--- Source material Enclosed Below ---
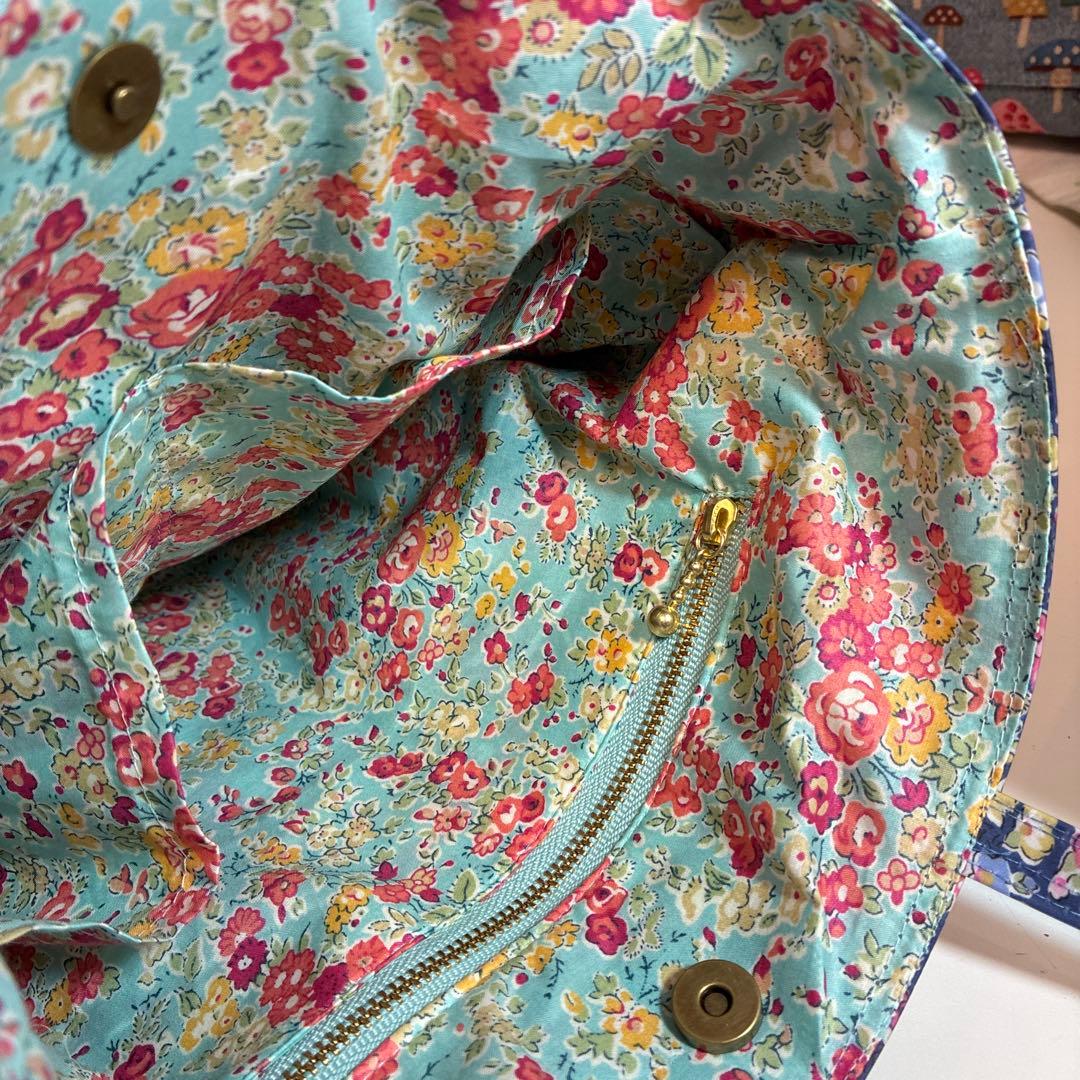 メロンパン様　　キャスキッドソンハンドメイドオーダー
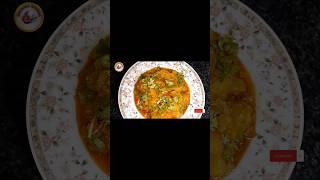 Tindy ki Bhujiya | Soft and Juicy Tindy ki Sabzi by Zarmeen Kitchen|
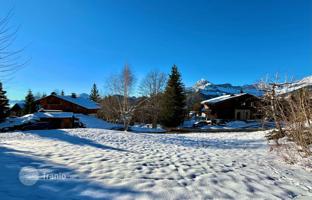 Land plot 701 m² in Savoie for 530,000 €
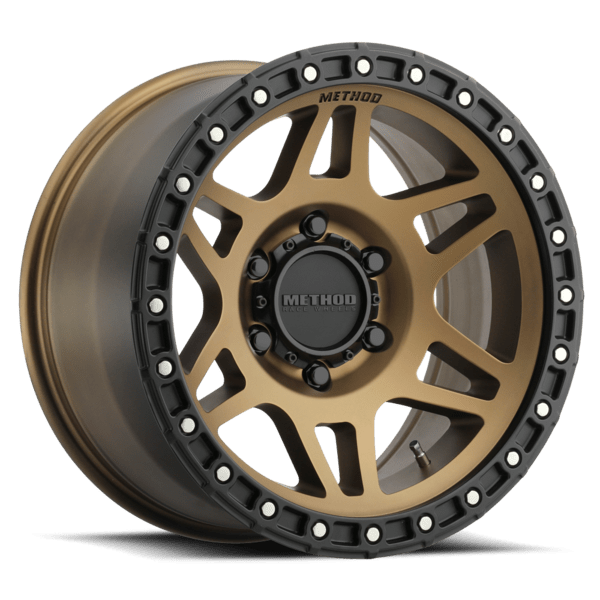 Method Wheels - Method MR312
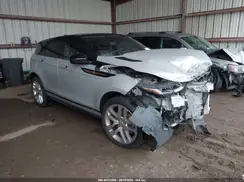 SALZL2FX9LH038677 2020 LAND ROVER RANGE ROVER EVOQUE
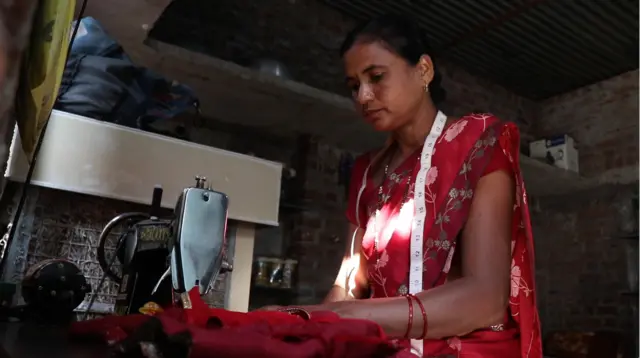 पुष्पा काकडे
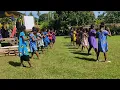 Download Lagu You are so faithful_Dance by four square Youth girls.PNG.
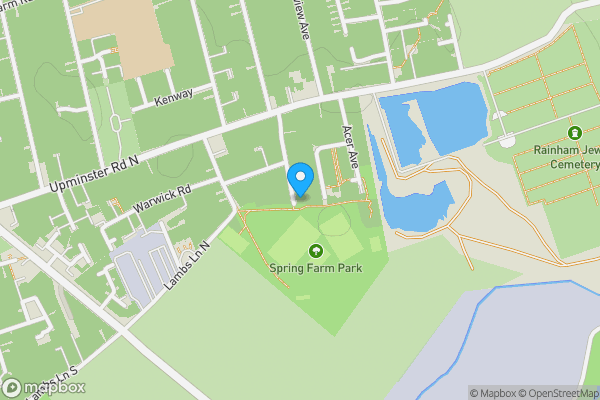 Land Adjacent to, 35 Maclennan Avenue, Rainham, Essex, RM13 9SS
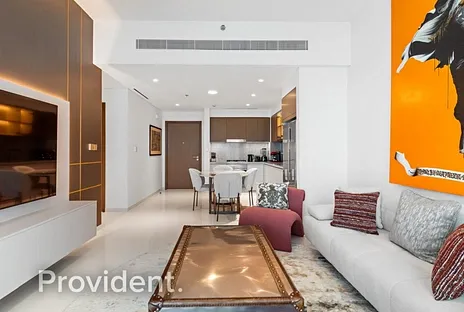 Apartment - Provident Estate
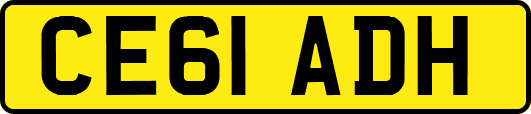 CE61ADH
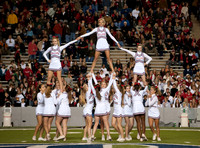 SJS vs Kinkaid @ Rice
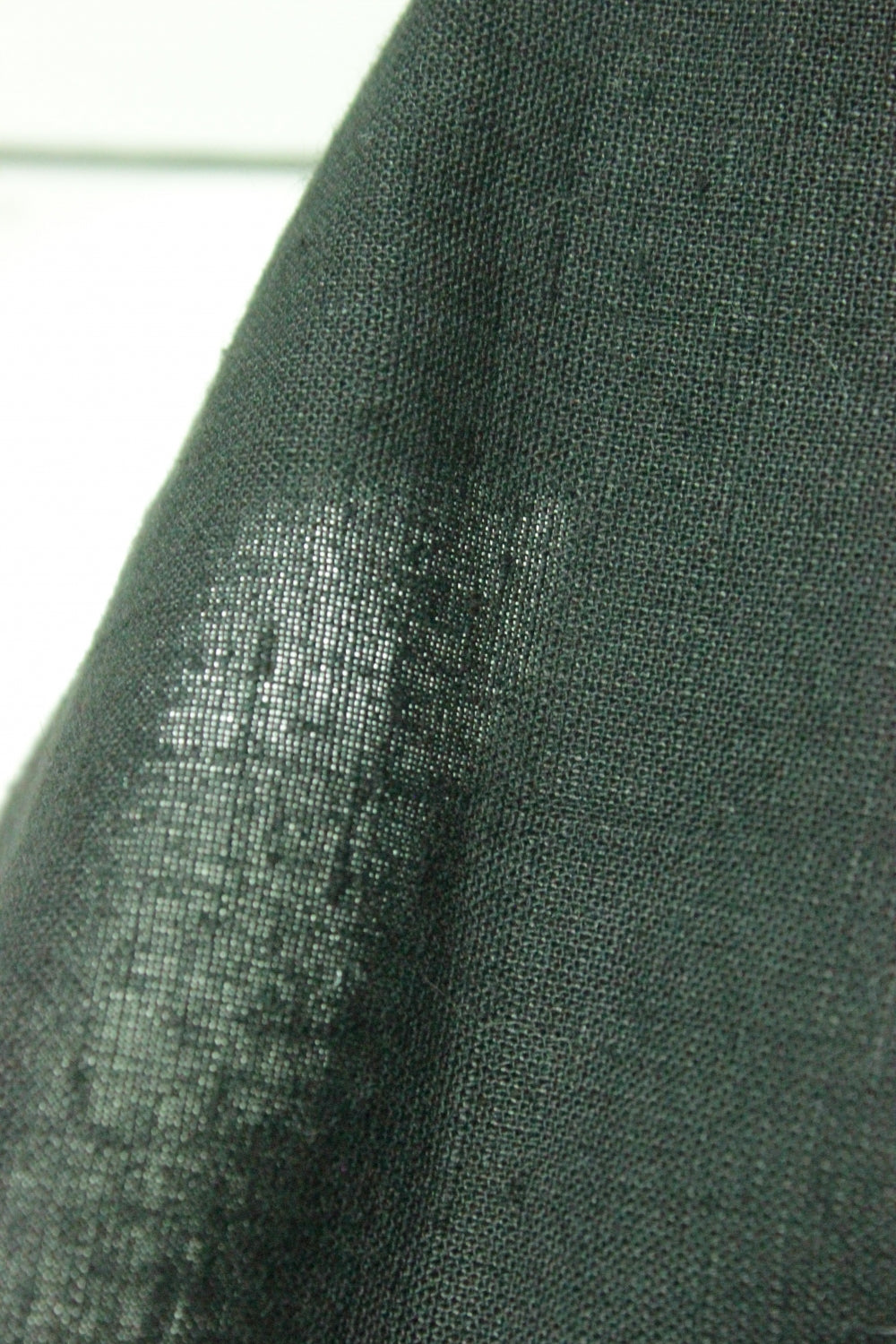 Tesatura De In Subtire, Negru
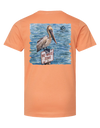 No Wake Youth Tee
--- End of Enclosed Source material ---
> **Action item**
All that is wanted is each line, word for word, from the first line of the data to the one holding "Download Lagu You", with the pictures left out.

> **Reply to the exercise**
 メロンパン様　　キャスキッドソンハンドメイドオーダー
 Tindy ki Bhujiya | Soft and Juicy Tindy ki Sabzi by Zarmeen Kitchen|
 Land plot 701 m² in Savoie for 530,000 €
 Method Wheels - Method MR312
 SALZL2FX9LH038677 2020 LAND ROVER RANGE ROVER EVOQUE
 पुष्पा काकडे
 Download Lagu You are so faithful_Dance by four square Youth girls.PNG.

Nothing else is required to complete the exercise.